→ WORK TO COMPLETE
Print the listing below exactly.

→ DATA EXCERPT
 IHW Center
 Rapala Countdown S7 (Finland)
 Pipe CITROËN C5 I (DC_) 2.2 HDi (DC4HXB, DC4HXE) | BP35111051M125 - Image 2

→ RESPONSE BELOW
 IHW Center
 Rapala Countdown S7 (Finland)
 Pipe CITROËN C5 I (DC_) 2.2 HDi (DC4HXB, DC4HXE) | BP35111051M125 - Image 2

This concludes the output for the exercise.